They’re sometimes dismissed as soft-rock light-weights, but California’s The Carpenters often captured magical moments of pop perfection. Their stock has risen with endorsements from Sonic Youth’s Kim Gordon, but the songs were always there, fronted by Karen Carpenter’s voice with its honey ache. Richard Carpenter’s arrangements are radio friendly but interesting – famously the unexpected fuzz guitar solo in ‘Goodbye To Love’. I haven’t been brave enough to venture into the duo’s studio albums, but this twenty song compilation provides an excellent summary of their career.
Based on these twenty songs, their earliest work is their strongest, fresh faced and with Karen’s unique drum work helping to give them a distinctive sound. ‘We’ve Only Just Begun’ started as a bank advertisement, but it’s transcendent in its hope, while ‘Rainy Days and Mondays’ is exquisitely melancholic. They can be too sickly sweet on ‘Top of the World’, but songs like ‘Close To You’ and ‘Superstar’ are elegant and enjoyable.

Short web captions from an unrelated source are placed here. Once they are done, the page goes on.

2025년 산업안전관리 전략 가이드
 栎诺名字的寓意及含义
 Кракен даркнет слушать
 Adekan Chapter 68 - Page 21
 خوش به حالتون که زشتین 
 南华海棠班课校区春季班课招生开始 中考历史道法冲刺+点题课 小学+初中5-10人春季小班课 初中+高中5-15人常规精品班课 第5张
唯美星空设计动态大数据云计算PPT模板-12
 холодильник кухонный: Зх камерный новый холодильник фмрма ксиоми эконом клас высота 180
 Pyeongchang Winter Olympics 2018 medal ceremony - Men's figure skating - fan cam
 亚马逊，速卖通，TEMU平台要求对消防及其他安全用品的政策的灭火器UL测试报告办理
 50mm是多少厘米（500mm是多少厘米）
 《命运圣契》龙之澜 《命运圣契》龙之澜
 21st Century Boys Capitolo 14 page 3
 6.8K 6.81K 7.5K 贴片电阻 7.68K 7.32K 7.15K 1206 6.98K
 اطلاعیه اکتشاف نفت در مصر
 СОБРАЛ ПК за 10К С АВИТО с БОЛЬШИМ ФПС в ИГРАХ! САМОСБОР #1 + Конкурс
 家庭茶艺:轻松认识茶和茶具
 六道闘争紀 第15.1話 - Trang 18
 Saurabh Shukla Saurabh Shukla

There also a surprising late period highlight, a cover of Klaatu’s ‘Calling Occupants of Interplanetary Craft’, which fashions a terrific record out of questionable elements like a radio voice-over, alien sound effects, and a massed choir. The last recording here, ‘Touch Me When We’re Dancing’ shows the group updating their sound for the 1980s, but Karen lost her battle with anorexia in 1983 and the world lost a very gifted vocalist.
Sure it’s radio friendly, but The Carpenters often projected a sensation that’s comforting, not calculated, and their best songs tapped into a well of emotion.